В этой связи интересно указать, что ещё задолго до официального выхода в мае 1827 году «предположения для сформирования армянских батальонов» в кавказском корпусе российской армии, многие армянские отряды, восставшие против турецкого и персидского ига, с начала XVIII века поднимали стяг с российским двуглавым орлом. Известный поборник за освобождение Армении Исраел Ори (1659–1711) справедливо полагал, что в угнетённых массах армянского народа герб царя Петра Первого на самом деле вызовет небывалый подъём духа, столь необходимый для успеха готовящегося восстания. По плану Исраела Ори, сразу же после освобождения города Нахичевани там соберётся «вся старшина и всё войско их армянское и примут знамена с государевым гербом, тогда они с великим устремлением и с ревностию пойдут на неприятелей, чтоб могли от них избавитися и места свои и городы освободить». Он не ошибся: уже 26 июля 1730 года русскому резиденту (послу) в Константинополе Ивану Ивановичу Неплюеву посланник турецких министров выразил устный протест по поводу двух боевых знамён, отбитых в том же 1730-ом году у одного из армянских отрядов в сражении с турецким войском под Гандзаком (Гянджа). По мнению турецкого командования, эти знамёна имели российское происхождение.

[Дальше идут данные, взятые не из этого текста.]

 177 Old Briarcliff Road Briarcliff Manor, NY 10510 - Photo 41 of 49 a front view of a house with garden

Сегодня трудно сказать, имели ли они русское происхождение или были приготовлены армянами для воодушевления ополченцев, но факт состоит в том, что эта традиция была успешно применена в штандартах армянских батальонов, сформированных по майскому указу 1827 года. Детали этих боевых знамён были заимствованы впоследствии для армянских территориальных гербов. В частности, это касается изображения Спаса Нерукотворного и Ноева ковчега, как центральных фигур многих гербов.

Уже в первых проектах восстановления Армянского царства можно найти упоминания о будущих государственных символах страны. Авторы этих проектов хорошо осознавали важность эмблемики в жизни современной страны. Гербы являлись не только символом страны, но и олицетворяли характер, традиции, идеологию и преемственность данного государства, с них же и складывалась наградная система и т. д. Все эти факторы делали предполагаемые гербы не просто результатом художественного творчества, а прежде всего историческим памятником.

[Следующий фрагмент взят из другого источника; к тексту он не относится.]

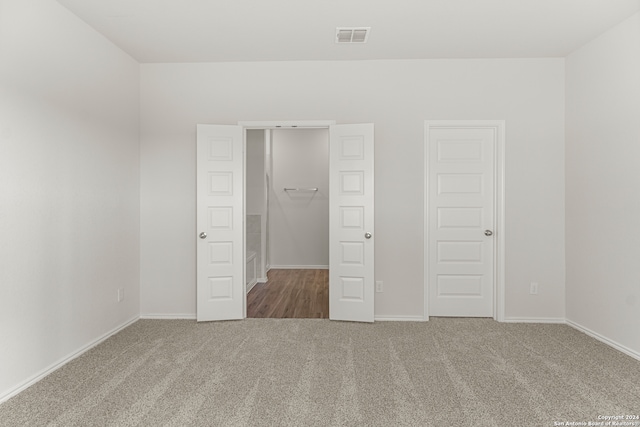 unfurnished bedroom featuring carpet floors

Возникновение и эволюция армянской геральдики XVIII-XIX веков находится в тесной связи с общеисторическим процессом Российской империи. Российская геральдика напрямую влияла на оформление гербовых проектов «Армянского царства под Российским протекторатом», а после вхождения в её состав Армения находилась в сфере контроля имперской Герольдии. Важно отметить, что, начиная с Петра Первого, сама геральдическая наука в России развивалась в основном по правилам западноевропейского геральдического искусства. Практика утверждения земельных и городских гербов приобрела достаточный размах при Екатерине Второй и продолжалась весь XIX век. Именно тогда некоторые армянские земли впервые были включены в комплекс подвластных России земельных гербов (печать к Георгиевскому трактату). Первоначально они использовались вместе с грузинскими гербами, в силу того, что по составленным армянскими освободительными кругами планам, Армения и Грузия, как одна единица, должны были войти под российскую протекцию. Эти формальные представления и в дальнейшем находили применение – в Большом государственном гербе Российской империи герб Армении являлся частью герба Царства Грузинского.

В 1849 году после некоторых административных реформ, в числе Тифлисской, Кутаисской, Шемаханской и Дербентской губерний в Закавказье была создана Эриванская губерния. По указу от 9 июня 1849 года об учреждении Эриванской губернии территория новой губернии разделялась на Эриванский, Ново-Баязетский, Нахичеванский, Ордубатский и Александропольский уезды.